An acute bout of body-weight support treadmill training improves blood glucose control in obese men with incomplete spinal cord injuries: A case series
1Maher J, 1Nash M, 2Mendez A
1The Miami Project to Cure Paralysis, Miami, FL, USA; 2The Diabetes Research Institute, Miami, FL, USA
Objective: Investigations that report the use of bodyweight support treadmill training (BWSTT) in persons with SCI have yet to address potential benefits of the activity on cardioendocrine complications of insulin resistance (IR) and obesity. This study examined intensity-dependent metabolic responses and adaptations of blood glucose control during and following BWSTT in obese individuals with incomplete SCI (iSCI).
Methods: Case participants were three males aged 38-51 years with chronic (2-13 years) iSCI at C3-5. Participants performed graded arm exercise tests to establish peak O2 consumption (VO2), and on a different day underwent a ‘baseline’ 75-gram oral glucose tolerance test (OGTT). Participants were allowed 2-3 sessions of BWSTT to familiarize themselves with the testing procedures and were unweighted during stepping by 34-61% of their body mass, the minimum necessary to maintain acceptable stepping form. On the day of testing, participants underwent a continuous 45-minute bout of BWSTT following an overnight fast. Respiratory gases were collected throughout the bout and averaged to compute exercise intensity relative to their peak values. The OGTT was repeated following BWSTT, with venous insulin and glucose measured via automated methods.
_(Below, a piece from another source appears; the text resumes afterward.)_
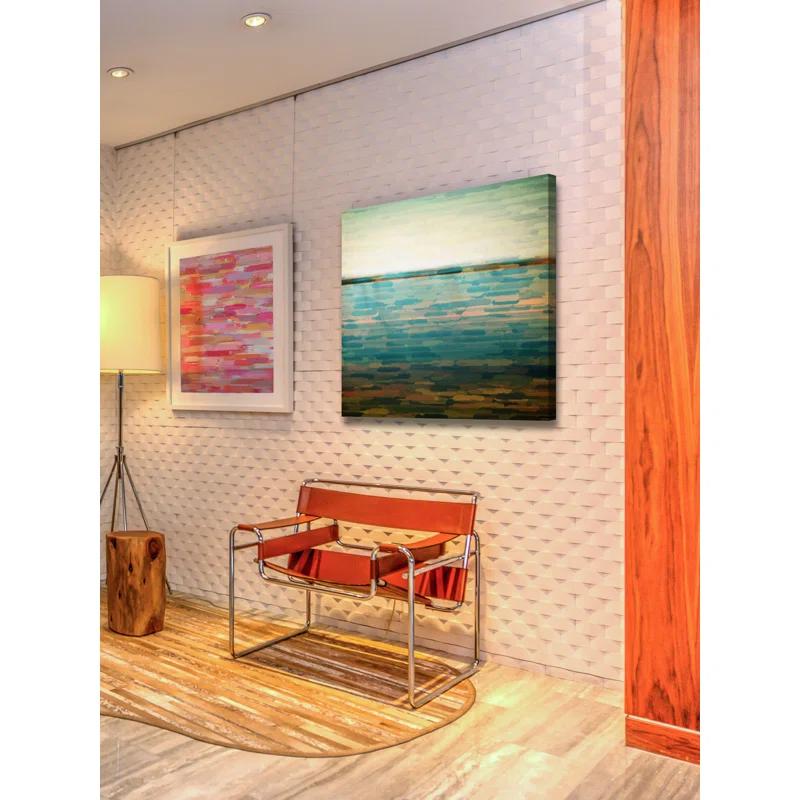 Highland Dunes 'Ormond Beach' Painting Print on Wrapped Canvas | Wayfair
Results: All participants had major risks for obesity (BMI = 26.8-35.1 kg/m2) and insulin resistance per the Homeostatic Model-2 (HOMA2-IR) Assessment (HOMA-IR = 3.2-4.7). Mean VO2 during BWSTT was below the conventional intensity threshold for cardiorespiratory conditioning (40%) in two participants (33 and 36%), but was greater than this criterion in the other (56%). Immediate post-BWSTT OGTT showed insulin concentrations before glucose challenge at 82%, 69%, and 7% lower than observed during ‘baseline’ testing performed on a day without BWSTT. Peak post-load insulin concentrations were also lower across all post-load timepoints than observed during ‘baseline’ testing, although none of these time points were different concerning glucose concentration. The HOMA2 was lowered following BWSTT by 72 and 68% of two participants and unchanged in the third.
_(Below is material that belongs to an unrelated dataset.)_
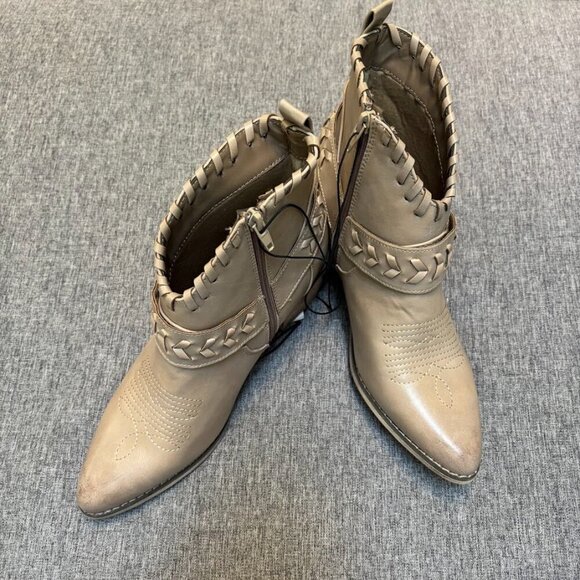 Altar'd State Rynn Women's Ankle Zippered Boots Size 8.5 - Picture 6 of 9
Conclusion: Lower pre-load insulin concentration and peak insulin values observed following BWSTT suggests the activity decreases the concentration of insulin required to dispose of the same glucose load. In two of three subjects, BWSTT lowered insulin resistance proxy values for HOMA2-IR from a baseline score that denotes insulin resistance (>2.25) to levels within the normal range as recommended by the American Heart Association. The duration of these changes was not tested. The two participants who saw the greatest improvements use power wheelchairs and thus experience limited non-exercise physical activity, as opposed to the third participant who uses a manual chair and can also ambulate with assistance. These findings suggest that BWSTT, even when performed below 40% of VO2peak, can be sufficiently intense to transitionally improve insulin resistance and lower plasma insulin concentration, especially in those individuals who are more sedentary and perform less physical activity throughout daily life. The duration of this benefit requires testing.
Support: Funded by The Miami Project to Cure Paralysis.